Mr. Short is on the recovery. I will take care to communicate to him your prescription, as soon as he returns from St. Germain’s. All your friends here are well. The Abbés always desire me to remind you of them.—What shall I do for news to tell you?—I scratch my head in vain.—Oh! true.—The new opera of Penelope by Marmontel and Piccini succeeds. Mademoiselle Renaud, of 16. years of age sings, as no body ever sung before. She is far beyond Madme. Mara in her own line of difficult execution. Her sister of 12 years of age will sing as well as she does. Having now emptied my budget I have the honour of presenting my respects to Miss Adams and of assuring you of the sincere esteem with which I have the honour to be Dear Madam your most obedient & most humble servt.
RC (Adams Papers); endorsed: “Mr Jefferson Decbr 27. 1788.” The editors know of no reason for AA’s endorsement error.

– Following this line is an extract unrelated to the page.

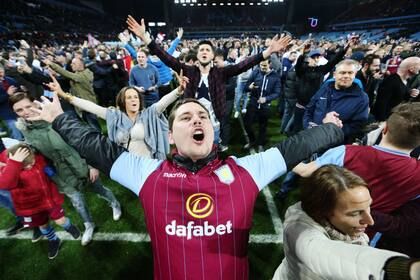 El festejo de Aston Villa terminó con invasión de cancha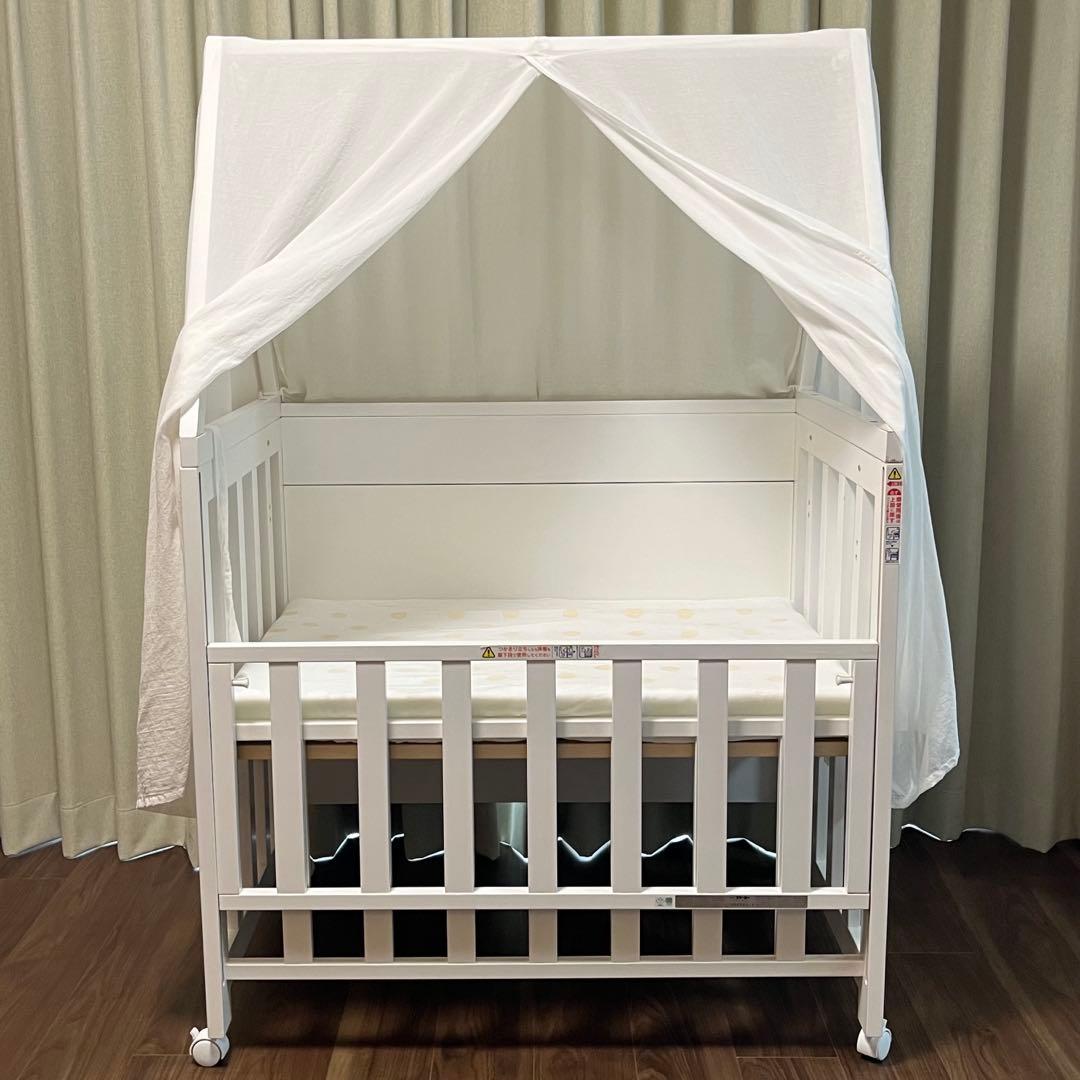 ディモワ 10mois キャノピー付き　ミニベッド&デスク / ベビーベッド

1. JA had been faithfully writing to Jefferson since May, and his letters slightly outnumbered Jefferson’s replies. But in his two most recent letters to Jefferson (13 and 20 Dec., Jefferson, Papers description begins The Papers of Thomas Jefferson, ed. Julian P. Boyd, Charles T. Cullen (from vol. 21), John Catanzariti (from vol. 24), and others, Princeton, 1950-. description ends , 9:97–98, 116–117), JA had said nothing about his recent visits to Court, his consultations with the British ministry, the latest developments in the Stanhope affair, or the arrival of the New York packet (without dispatches), all subjects touched on by AA in her letter to Jefferson of 20 Dec., above, immediately before she said, “as Mr. A[dams] writes you I will leave Politicks with which I really have no business.”